Rails 6 bulk insert records


There are cases when we want to insert records in bulk. For eg., we have a list of users in CSV and we want to import these users in our application.

Rails has methods like delete_all or update_all to delete and update bulk records respectively. Similar method to insert bulk records was missing.

Rails 6 added insert_all, insert_all! and upsert_all to ActiveRecord::Persistence, to solve the above issue.

Before Rails 6

Before Rails 6, bulk insert was achieved -

users = []
10.times do |i|
  users << User.new(name: "user #{i}")
end
User.import users
  • Creating records one by one
10.times do |i|
  User.create!(name: "user #{i}")
end
  • Using the SQL INSERT statement
# Assuming users is an array of user hash
# like [{ name: "Sam" }, { name: "Charls" }]

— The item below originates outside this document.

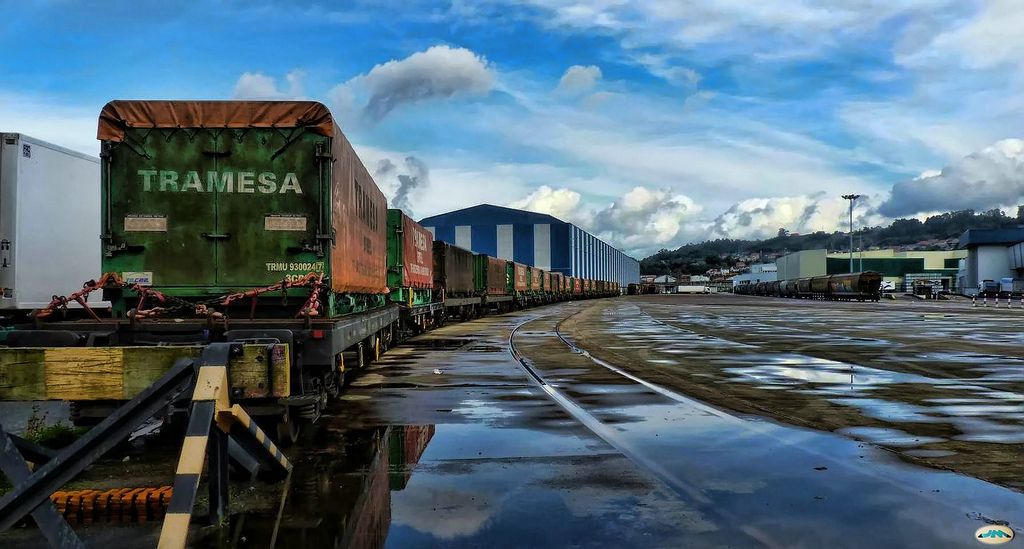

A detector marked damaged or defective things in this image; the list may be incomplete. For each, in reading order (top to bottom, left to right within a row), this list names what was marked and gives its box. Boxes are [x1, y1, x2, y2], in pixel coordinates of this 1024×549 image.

rusty cargo container [96, 98, 386, 306]
rusty cargo container [436, 242, 476, 298]
rusty cargo container [476, 254, 508, 296]
rusty cargo container [512, 262, 528, 292]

sql = "INSERT INTO users VALUES "

sql_values = []
users.each do |user|
  sql_values << "(#{user.values.join(", ")})"
end

sql += sql_values.join(", ")
ActiveRecord::Base.connection.insert_sql(sql)

In Rails 6

insert_all and insert_all!

Using insert_all we can perform bulk insert as below -

result = User.insert_all(
  [
    {
      name: "Sam",
      email: "sam@example.com"
    },
    {
      name: "Charls",
      email: "charls@example.com"
    }
  ]
)
# Bulk Insert (2.3ms) INSERT INTO "users"("name","email")
# VALUES("Sam", "sam@example"...)
# ON CONFLICT DO NOTHING RETURNING "id"

puts result.inspect
#<ActiveRecord::Result:0x00007fb6612a1ad8 @columns=["id"], @rows=[[1], [2]],
@hash_rows=nil, @column_types=
{"id"=>#<ActiveModel::Type::Integer:0x00007fb65f420078 ....>

puts User.count
=> 2

As mentioned above, we notice an ON CONFLICT DO NOTHING clause in the query. This is supported by SQLite and PostgreSQL databases. If there is a conflict or a unique key violation during the bulk insert process, it skips the conflicting record and proceeds with the insertion of the next record.

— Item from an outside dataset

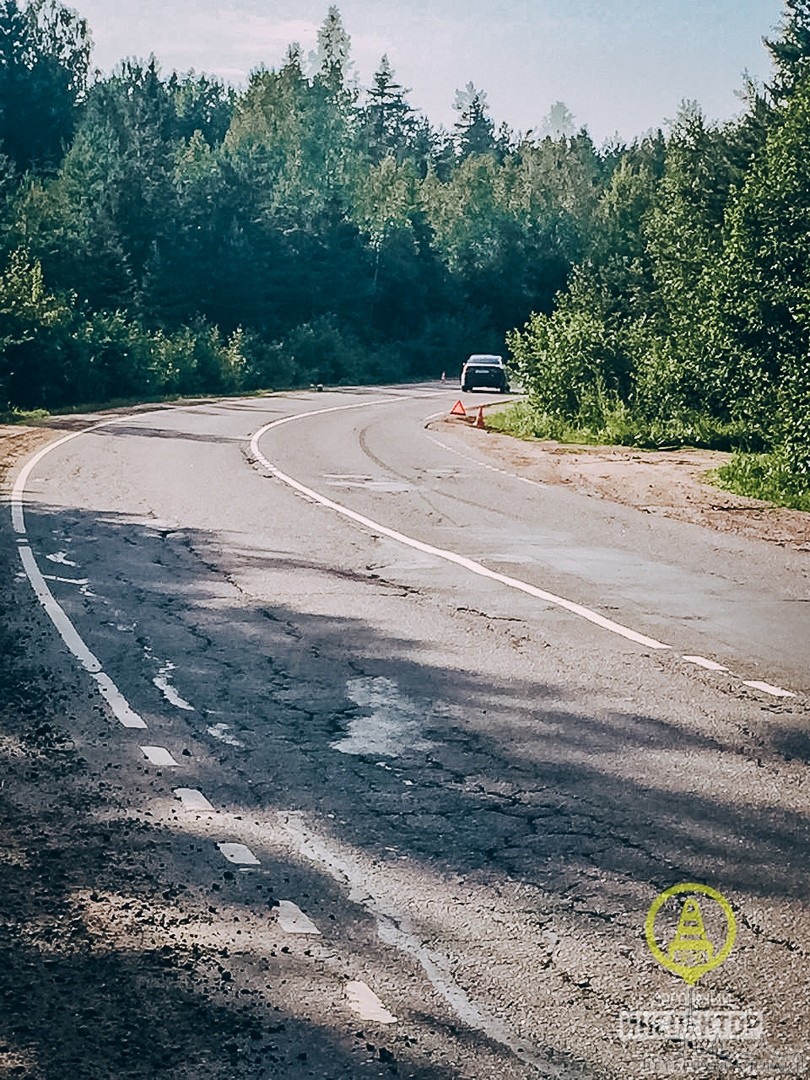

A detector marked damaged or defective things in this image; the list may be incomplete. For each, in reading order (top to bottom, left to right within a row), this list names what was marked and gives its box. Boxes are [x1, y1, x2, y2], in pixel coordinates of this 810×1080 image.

If we need to ensure all rows are inserted we can use insert_all! the bang version directly.

RETURNING "id" clause in the above query return the primary key(s) @rows=[[1], [2]]. If we want to check more attributes apart from id we can use an optional returning option, which expects an array of attribute names.

result = User.insert_all(
  [
    {
      name: "Sam",
      email: "sam@example.com"
    },
    {
      name: "Charls",
      email: "charls@example.com"
    }
  ],
  returning: %w[id name]
)
# Bulk Insert (2.3ms) INSERT INTO "users"("name","email")
# VALUES("Sam", "sam@example"...)
# ON CONFLICT DO NOTHING RETURNING "id", "name"

puts result.inspect
#<ActiveRecord::Result:0x00007fb6612a1ad8 @columns=["id", "name"],
@rows=[[1, "Sam"], [2, "Charls"]],
@hash_rows=nil, @column_types=
{"id"=>#<ActiveModel::Type::Integer:0x00007fb65f420078 ....>
upsert_all

insert_all and insert_all! either skip the duplicate records or raise an exception, if a duplicate record is encountered while bulk inserting.

If a record exists we want to update it or else create a new record. This is known as upsert.

The upsert_all method performs bulk upserts.

result = User.upsert_all(
  [
    {
      id: 1,
      name: "Sam new",
      email: "sam@example.com"
    },
    {
      id: 1,                  # duplicate id here
      name: "Sam's new",
      email: "sam@example.com"
    },
    {
      id: 2,
      name: "Charles",        # name updated
      email: "charls@example.com"
    },
    {
      id: 3,                  # new entry
      name: "David",
      email: "david@example.com"
    }
  ]
)

# Bulk Insert (26.3ms) INSERT INTO `users`(`id`,`name`,`email`)
# VALUES (1, 'Sam new', 'sam@example.com')...
# ON DUPLICATE KEY UPDATE `name`=VALUES(`name`)

puts User.count
=> 3

The second row in the input array has duplicate id 1 and hence the name of the user will be Sam's new instead of Sam new.

The third row in the input array has no duplicate and it will perform an update.

The fourth row with id 3 is a new entry and hence insert operation will be performed here.

Note: upsert_all behaviour is different for different databases. The above example works for MySQL database but will not work for SQLite.

Inserting or updating records sequentially has huge performance issue.

Let’s try to insert 1000 users sequentially and benchmark it.

print Benchmark.measure { 1000.times {|t| User.create(name: "name - #{t}")} }
  7.913459    1.129483    9.439012 ( 15.329382 )
=> nil

1000 users created locally in 15.32 seconds in 1000 transactions executing 1000 sequential insert query.

Using insert_all we can prepare dataset of users and import them in one query.

users = 1000.times.map { |t| { name: "name - "#{t}", created_at: Time.now, updated_at: Time.now }}
print Benchmark.measure { User.insert_all(users) }
  0.267381    0.018721    0.298123 ( 0.401876 )

As seen the time taken to import 1000 users has reduced from 15.32 seconds to just 0.40 seconds.